Leaving out all images, write out the records that follow exactly.
━━ TASK INPUTS ━━
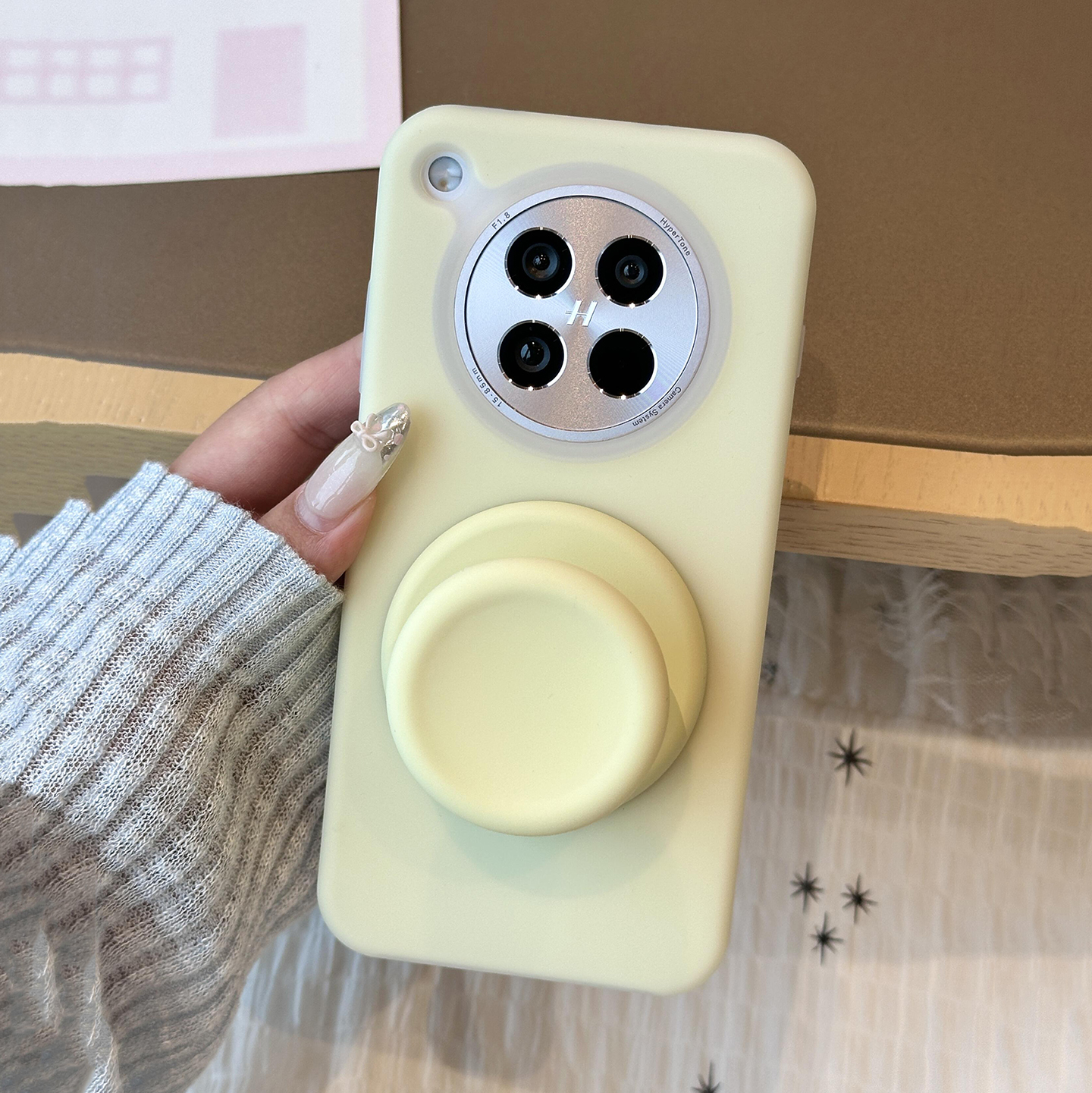 敲可爱呀~~软糯奶呼呼真液态硅胶支架磁吸适用OPPOFindx8Ultra手机壳x8s+不发黄Reno14pro女1+13潮X7一加Ace5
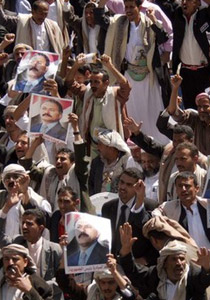 بلطجية النظام اليمني وأجهزة أمنه يهاجمون المعتصمين في صنعاء صورة رقم 1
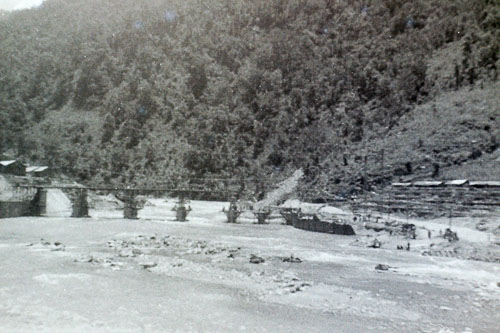 AD005.jpg AD005.jpg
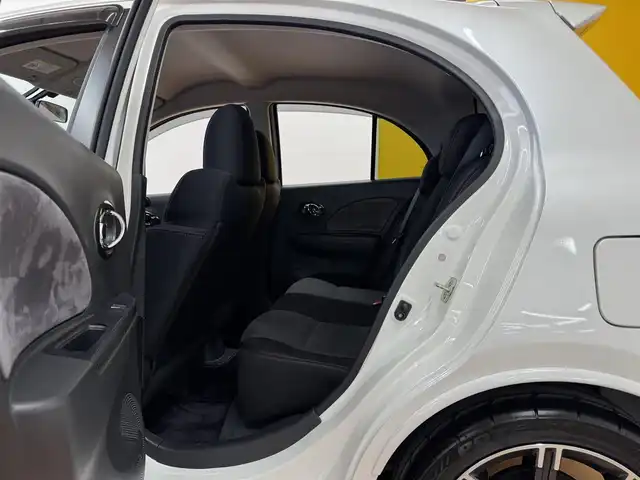 日産 マーチ ニスモS 群馬県 2021(令3)年 0.8万km ブリリアントホワイトパール 社外7インチワイドナビ/・AM/FM/フルセグTV/・CD/DVD/USB/SD/・Bluetooth/MSV/5MT/横滑り防止/バックカメラ/バックフォグランプ/ドライブレコーダー/純正フロアマット/純正ドアバイザー/純正16インチアルミホイール/社外LEDヘッドライト/社外マフラー（フジツボ）/ニスモブレーキホース/スマートキー/プッシュスタート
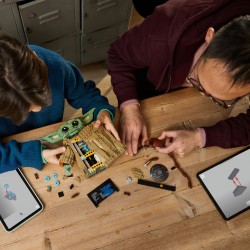 LEGO Star Wars 75446 Grogu (Apprendista Mandaloriano), Giocattolo con Armatura Beskar, Decorazione Regalo per Bambini da 10+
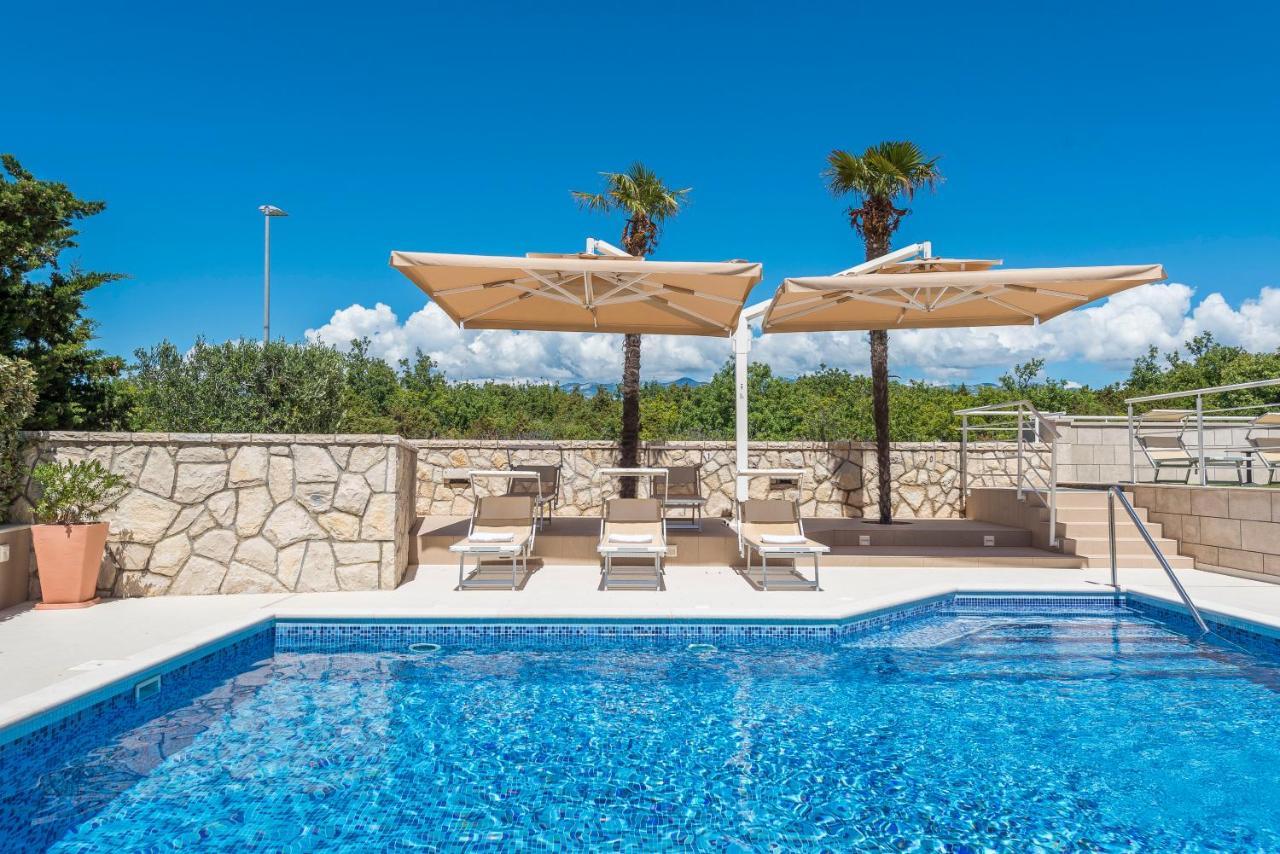 Kings View Sarkic Apartment Новаля Екстериор снимка
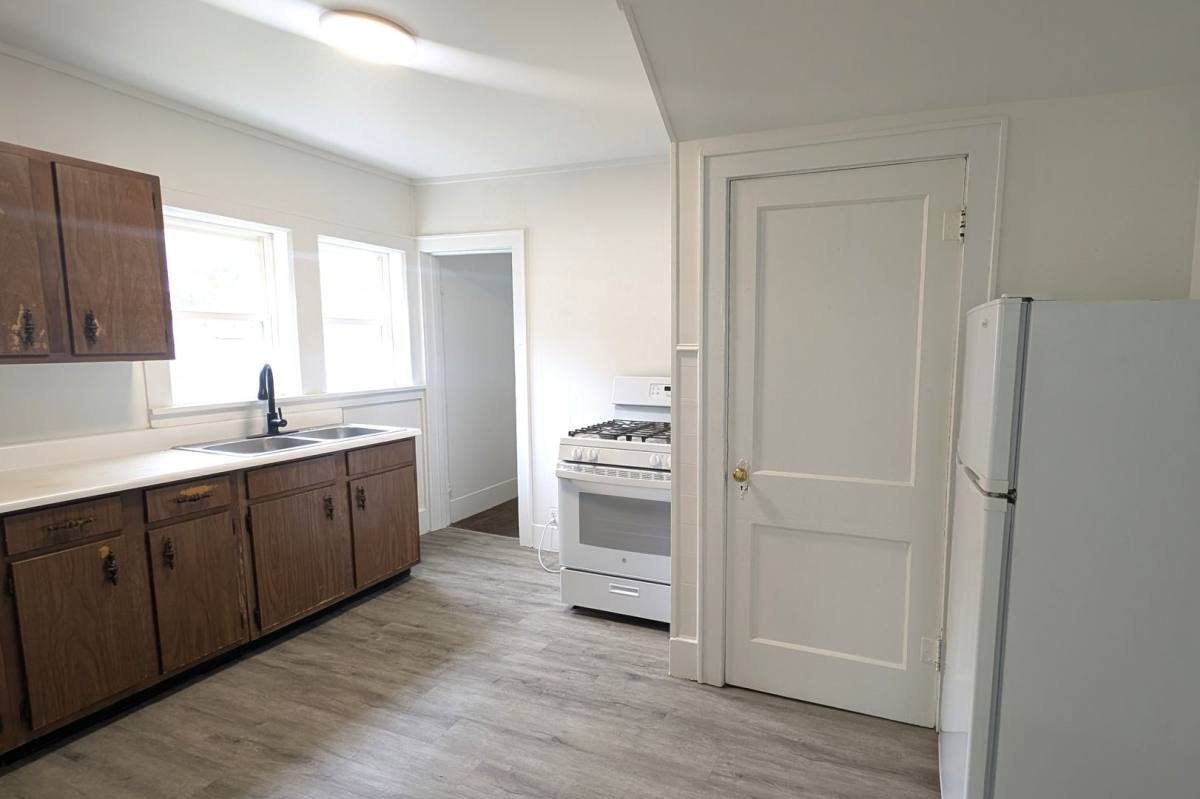 House for rent at 2229 McIlwraith St, Muskegon, MI 49444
━━━
WORKED SOLUTION:
 敲可爱呀~~软糯奶呼呼真液态硅胶支架磁吸适用OPPOFindx8Ultra手机壳x8s+不发黄Reno14pro女1+13潮X7一加Ace5
 بلطجية النظام اليمني وأجهزة أمنه يهاجمون المعتصمين في صنعاء صورة رقم 1
 AD005.jpg AD005.jpg
 日産 マーチ ニスモS 群馬県 2021(令3)年 0.8万km ブリリアントホワイトパール 社外7インチワイドナビ/・AM/FM/フルセグTV/・CD/DVD/USB/SD/・Bluetooth/MSV/5MT/横滑り防止/バックカメラ/バックフォグランプ/ドライブレコーダー/純正フロアマット/純正ドアバイザー/純正16インチアルミホイール/社外LEDヘッドライト/社外マフラー（フジツボ）/ニスモブレーキホース/スマートキー/プッシュスタート
 LEGO Star Wars 75446 Grogu (Apprendista Mandaloriano), Giocattolo con Armatura Beskar, Decorazione Regalo per Bambini da 10+
 Kings View Sarkic Apartment Новаля Екстериор снимка
 House for rent at 2229 McIlwraith St, Muskegon, MI 49444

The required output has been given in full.